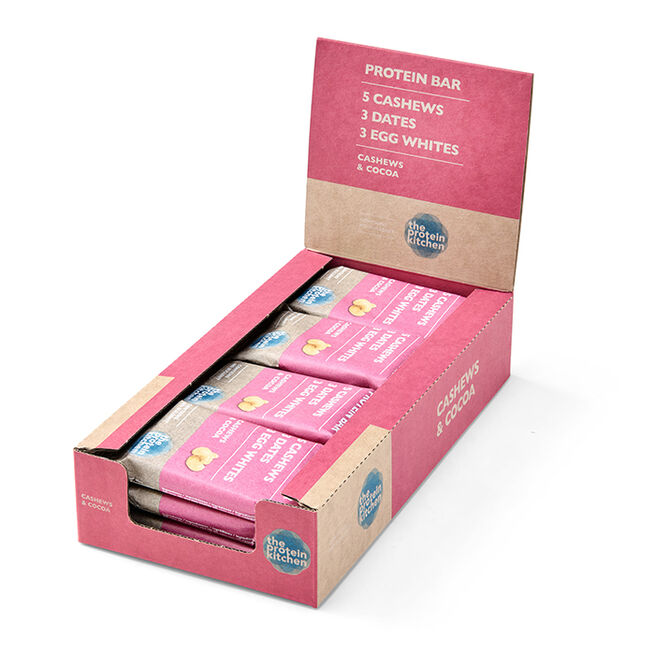 "12 x Proteinbarer, 55 g" Cashew & Cocoa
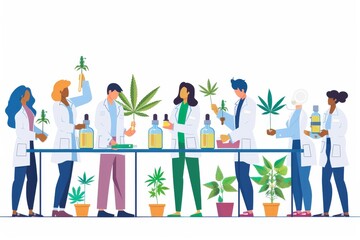 Fototapeta premium Addressing Antibacterial Needs Through Cannabis: Innovations in Aerosol Spray Technology and Alternative Medicine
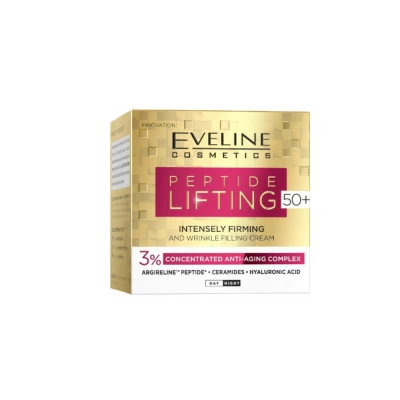  Укрепляющий крем Eveline PEPTIDE LIFTING заполняющий морщины 50+ 50мл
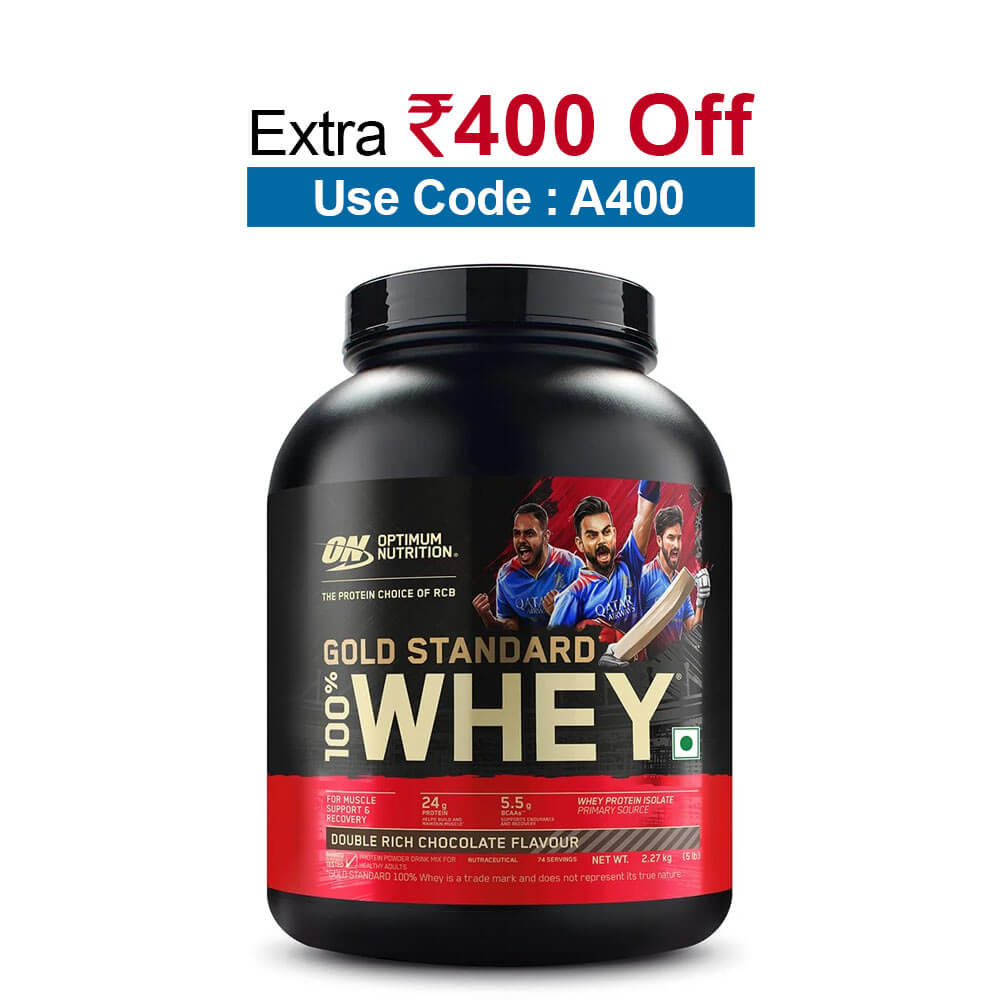 ON (Optimum Nutrition) Gold Standard 100% Whey Protein, 5 lb Double Rich Chocolate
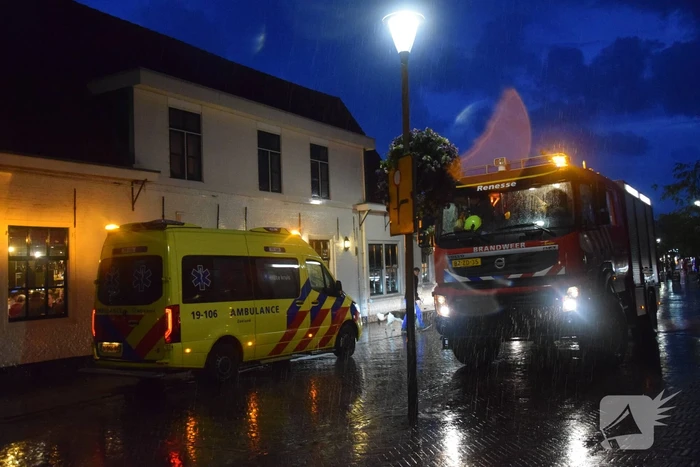 Vreemde lucht waargenomen in eetcafé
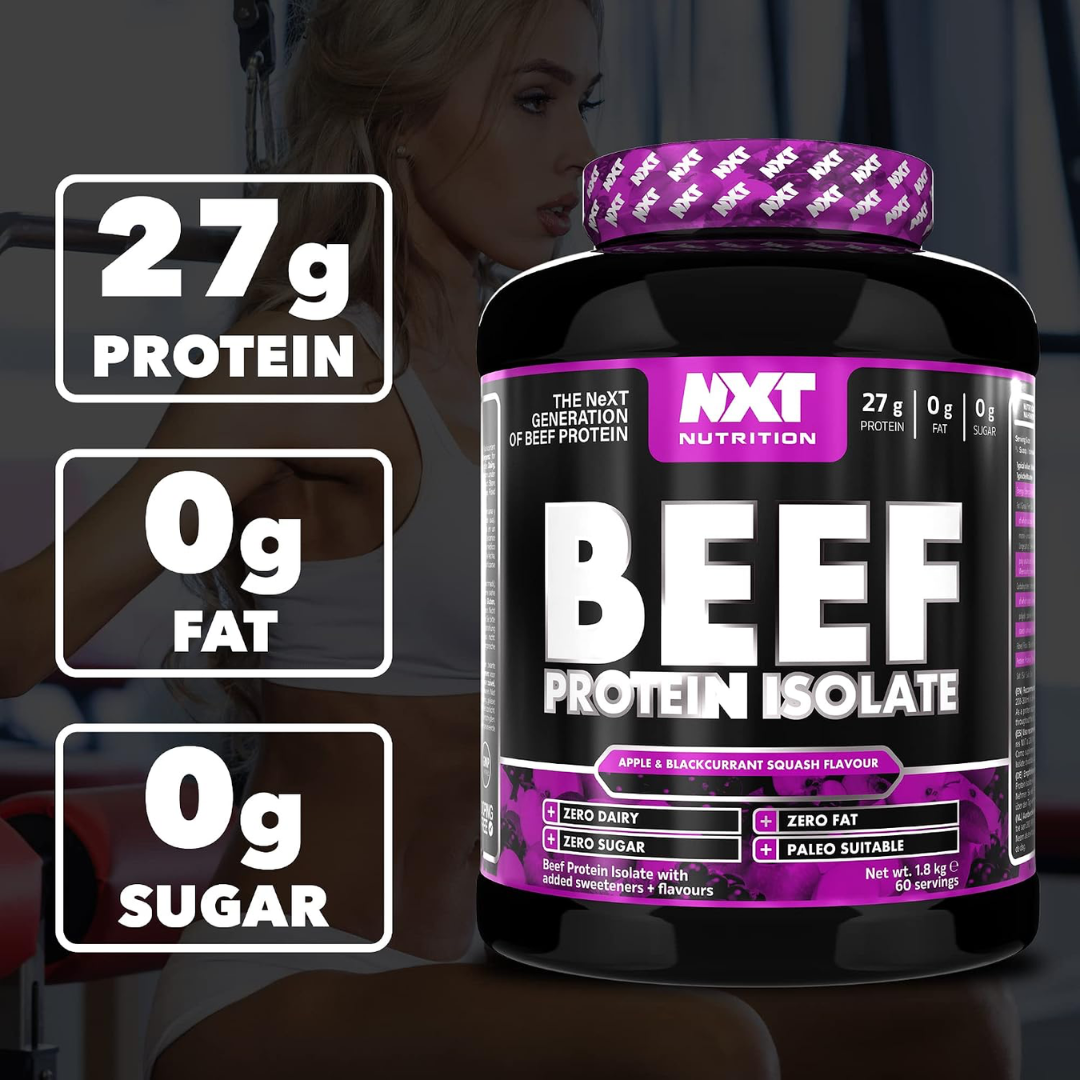NXT Nutrition Beef Protein Isolate 1.8kg Apple & Blackcurrant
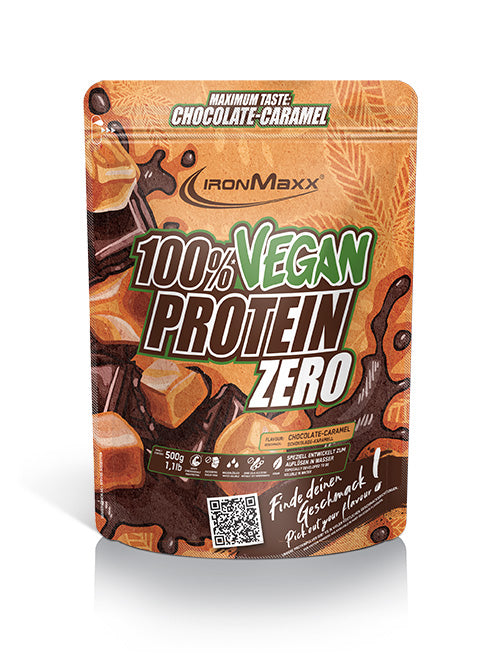 100% VEGAN PROTEIN ZERO - BODYMANIA IRONMAXX Chocolate con Caramelo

§ **Work instructions**: Starting with the top line, write out all the data above exactly; keep the pictures out.

§ **Written solution**:
 "12 x Proteinbarer, 55 g" Cashew & Cocoa
 Fototapeta premium Addressing Antibacterial Needs Through Cannabis: Innovations in Aerosol Spray Technology and Alternative Medicine
  Укрепляющий крем Eveline PEPTIDE LIFTING заполняющий морщины 50+ 50мл
 ON (Optimum Nutrition) Gold Standard 100% Whey Protein, 5 lb Double Rich Chocolate
 Vreemde lucht waargenomen in eetcafé
NXT Nutrition Beef Protein Isolate 1.8kg Apple & Blackcurrant
 100% VEGAN PROTEIN ZERO - BODYMANIA IRONMAXX Chocolate con Caramelo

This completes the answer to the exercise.